**HOW TO COMPLETE THIS TASK**
Look through the entries. Copy each line that has the word "East".
---------- DATA SHOWN
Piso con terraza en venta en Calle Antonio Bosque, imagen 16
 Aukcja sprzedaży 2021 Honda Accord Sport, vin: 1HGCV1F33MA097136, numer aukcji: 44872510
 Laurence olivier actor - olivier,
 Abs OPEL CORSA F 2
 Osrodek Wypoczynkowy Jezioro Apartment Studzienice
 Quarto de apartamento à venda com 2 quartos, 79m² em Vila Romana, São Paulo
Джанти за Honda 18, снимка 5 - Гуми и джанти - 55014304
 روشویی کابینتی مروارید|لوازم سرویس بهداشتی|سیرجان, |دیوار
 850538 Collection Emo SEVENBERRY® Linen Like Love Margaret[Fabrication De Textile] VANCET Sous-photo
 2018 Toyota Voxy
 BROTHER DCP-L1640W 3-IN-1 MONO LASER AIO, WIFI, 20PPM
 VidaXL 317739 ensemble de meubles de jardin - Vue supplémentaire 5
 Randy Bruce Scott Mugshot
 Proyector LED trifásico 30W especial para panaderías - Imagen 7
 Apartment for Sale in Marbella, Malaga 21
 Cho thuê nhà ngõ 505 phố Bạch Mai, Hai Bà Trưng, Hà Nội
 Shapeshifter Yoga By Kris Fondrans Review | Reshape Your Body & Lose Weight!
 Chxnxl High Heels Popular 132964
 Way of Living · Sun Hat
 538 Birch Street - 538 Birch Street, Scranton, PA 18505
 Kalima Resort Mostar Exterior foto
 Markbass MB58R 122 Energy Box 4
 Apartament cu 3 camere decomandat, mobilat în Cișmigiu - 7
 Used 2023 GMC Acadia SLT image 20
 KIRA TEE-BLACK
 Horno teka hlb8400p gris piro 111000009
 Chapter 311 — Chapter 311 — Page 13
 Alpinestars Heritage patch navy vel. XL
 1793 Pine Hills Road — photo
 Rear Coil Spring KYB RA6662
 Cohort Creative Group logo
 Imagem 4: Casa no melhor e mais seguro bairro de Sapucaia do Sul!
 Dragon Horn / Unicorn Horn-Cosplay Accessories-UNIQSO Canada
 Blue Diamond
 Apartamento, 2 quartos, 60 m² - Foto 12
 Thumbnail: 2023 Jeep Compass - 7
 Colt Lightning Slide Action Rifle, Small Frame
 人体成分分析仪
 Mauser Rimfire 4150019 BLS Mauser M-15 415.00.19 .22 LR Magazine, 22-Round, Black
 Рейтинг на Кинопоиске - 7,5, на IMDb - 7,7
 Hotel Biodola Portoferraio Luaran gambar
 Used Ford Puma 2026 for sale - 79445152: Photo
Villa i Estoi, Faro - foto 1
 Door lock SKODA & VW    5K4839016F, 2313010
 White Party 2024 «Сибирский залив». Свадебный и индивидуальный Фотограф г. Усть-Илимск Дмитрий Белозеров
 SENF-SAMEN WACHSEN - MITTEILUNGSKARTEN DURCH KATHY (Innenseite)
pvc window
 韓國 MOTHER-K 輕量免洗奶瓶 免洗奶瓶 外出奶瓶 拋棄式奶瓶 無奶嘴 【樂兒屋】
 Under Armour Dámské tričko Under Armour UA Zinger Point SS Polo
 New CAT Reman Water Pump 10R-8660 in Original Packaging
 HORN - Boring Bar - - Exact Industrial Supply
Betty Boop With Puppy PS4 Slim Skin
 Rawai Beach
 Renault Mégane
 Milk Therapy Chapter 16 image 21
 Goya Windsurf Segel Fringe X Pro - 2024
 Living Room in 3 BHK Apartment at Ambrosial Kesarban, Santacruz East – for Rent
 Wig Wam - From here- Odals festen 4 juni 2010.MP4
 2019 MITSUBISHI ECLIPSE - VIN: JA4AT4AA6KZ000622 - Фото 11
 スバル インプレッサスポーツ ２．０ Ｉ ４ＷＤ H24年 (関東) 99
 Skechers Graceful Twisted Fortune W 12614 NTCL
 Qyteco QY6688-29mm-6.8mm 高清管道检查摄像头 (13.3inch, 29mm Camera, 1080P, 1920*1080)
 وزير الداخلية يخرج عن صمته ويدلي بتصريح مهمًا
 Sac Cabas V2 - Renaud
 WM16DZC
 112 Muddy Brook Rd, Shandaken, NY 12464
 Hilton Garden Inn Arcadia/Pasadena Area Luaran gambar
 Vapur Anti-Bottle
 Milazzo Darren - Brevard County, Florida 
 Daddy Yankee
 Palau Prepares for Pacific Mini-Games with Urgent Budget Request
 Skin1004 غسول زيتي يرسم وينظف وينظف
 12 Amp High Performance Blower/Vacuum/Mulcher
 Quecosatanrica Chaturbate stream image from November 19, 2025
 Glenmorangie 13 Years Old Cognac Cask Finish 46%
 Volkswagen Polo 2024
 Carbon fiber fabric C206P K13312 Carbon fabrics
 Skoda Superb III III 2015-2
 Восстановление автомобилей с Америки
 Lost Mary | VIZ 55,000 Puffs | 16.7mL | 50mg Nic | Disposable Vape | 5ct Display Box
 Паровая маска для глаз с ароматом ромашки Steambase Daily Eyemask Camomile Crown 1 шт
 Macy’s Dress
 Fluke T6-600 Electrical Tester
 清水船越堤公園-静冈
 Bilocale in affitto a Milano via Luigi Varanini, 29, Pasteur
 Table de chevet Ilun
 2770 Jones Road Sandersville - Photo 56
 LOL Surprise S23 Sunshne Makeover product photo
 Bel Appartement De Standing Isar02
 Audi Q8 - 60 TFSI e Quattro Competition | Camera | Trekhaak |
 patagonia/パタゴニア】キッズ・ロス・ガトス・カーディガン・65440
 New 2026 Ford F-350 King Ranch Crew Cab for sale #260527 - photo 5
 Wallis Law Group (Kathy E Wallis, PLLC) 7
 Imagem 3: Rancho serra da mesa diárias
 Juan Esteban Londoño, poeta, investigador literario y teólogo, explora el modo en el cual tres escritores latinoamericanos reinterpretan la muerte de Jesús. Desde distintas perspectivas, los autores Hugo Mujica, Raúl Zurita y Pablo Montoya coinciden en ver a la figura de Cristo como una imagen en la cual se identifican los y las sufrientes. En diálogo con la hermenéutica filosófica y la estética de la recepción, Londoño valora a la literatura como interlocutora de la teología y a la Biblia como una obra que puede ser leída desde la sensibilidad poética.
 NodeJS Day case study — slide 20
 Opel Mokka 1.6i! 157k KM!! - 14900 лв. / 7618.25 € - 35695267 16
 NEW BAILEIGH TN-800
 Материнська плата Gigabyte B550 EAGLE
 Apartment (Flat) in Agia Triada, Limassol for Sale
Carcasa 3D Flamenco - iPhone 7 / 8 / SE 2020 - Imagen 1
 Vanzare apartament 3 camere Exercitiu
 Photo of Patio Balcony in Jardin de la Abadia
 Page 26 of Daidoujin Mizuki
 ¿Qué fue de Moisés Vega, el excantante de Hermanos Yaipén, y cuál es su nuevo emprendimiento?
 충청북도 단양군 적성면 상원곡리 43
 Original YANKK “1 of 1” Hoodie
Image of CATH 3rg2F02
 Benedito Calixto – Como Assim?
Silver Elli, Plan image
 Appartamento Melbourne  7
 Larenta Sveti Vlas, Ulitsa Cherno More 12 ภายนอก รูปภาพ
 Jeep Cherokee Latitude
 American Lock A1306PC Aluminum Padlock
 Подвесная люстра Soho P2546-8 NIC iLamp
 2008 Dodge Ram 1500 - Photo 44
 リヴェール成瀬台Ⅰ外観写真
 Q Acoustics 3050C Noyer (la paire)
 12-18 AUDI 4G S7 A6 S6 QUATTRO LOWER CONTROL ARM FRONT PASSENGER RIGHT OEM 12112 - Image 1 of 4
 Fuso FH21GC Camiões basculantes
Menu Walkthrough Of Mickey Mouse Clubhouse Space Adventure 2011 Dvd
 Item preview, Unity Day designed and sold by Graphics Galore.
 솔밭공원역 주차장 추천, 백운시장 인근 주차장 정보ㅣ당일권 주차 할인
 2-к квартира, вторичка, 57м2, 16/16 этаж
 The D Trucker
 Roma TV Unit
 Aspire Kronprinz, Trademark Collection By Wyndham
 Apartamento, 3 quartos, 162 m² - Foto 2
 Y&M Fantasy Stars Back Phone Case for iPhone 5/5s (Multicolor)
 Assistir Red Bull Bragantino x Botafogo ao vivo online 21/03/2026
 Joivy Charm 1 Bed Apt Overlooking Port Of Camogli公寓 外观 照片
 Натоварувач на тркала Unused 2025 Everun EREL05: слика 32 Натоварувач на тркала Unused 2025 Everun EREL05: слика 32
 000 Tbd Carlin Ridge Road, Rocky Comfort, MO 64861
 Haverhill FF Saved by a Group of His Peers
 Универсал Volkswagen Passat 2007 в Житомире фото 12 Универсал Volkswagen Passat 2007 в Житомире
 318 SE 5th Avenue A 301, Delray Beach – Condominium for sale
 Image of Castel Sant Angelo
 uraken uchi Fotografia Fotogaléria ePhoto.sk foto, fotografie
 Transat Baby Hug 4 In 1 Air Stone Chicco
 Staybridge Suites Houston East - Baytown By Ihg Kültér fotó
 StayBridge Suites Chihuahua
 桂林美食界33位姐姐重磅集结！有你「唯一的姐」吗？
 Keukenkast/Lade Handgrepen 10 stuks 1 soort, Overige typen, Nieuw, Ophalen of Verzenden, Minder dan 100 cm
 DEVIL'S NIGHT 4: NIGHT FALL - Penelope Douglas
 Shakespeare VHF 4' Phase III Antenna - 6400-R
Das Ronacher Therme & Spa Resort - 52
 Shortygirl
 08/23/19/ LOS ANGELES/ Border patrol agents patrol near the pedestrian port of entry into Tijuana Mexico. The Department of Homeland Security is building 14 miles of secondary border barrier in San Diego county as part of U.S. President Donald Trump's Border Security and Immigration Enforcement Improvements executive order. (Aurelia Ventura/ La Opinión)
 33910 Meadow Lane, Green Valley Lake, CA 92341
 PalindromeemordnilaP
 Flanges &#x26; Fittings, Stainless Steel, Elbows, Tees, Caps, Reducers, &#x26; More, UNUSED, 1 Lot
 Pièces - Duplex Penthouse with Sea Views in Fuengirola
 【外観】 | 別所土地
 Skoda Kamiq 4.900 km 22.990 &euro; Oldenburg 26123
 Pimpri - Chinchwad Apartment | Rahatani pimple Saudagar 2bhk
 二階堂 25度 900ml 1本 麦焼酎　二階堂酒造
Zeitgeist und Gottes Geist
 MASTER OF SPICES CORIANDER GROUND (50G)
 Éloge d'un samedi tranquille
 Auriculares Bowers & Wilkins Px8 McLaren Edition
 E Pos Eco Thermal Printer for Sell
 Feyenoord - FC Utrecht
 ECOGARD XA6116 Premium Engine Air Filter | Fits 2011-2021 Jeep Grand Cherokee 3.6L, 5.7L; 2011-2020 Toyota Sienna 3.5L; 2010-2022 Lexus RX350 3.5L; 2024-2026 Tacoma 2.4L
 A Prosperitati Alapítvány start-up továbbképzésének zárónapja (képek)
--------------------
**ANSWER TO THIS EXERCISE**
 Living Room in 3 BHK Apartment at Ambrosial Kesarban, Santacruz East – for Rent
 Staybridge Suites Houston East - Baytown By Ihg Kültér fotó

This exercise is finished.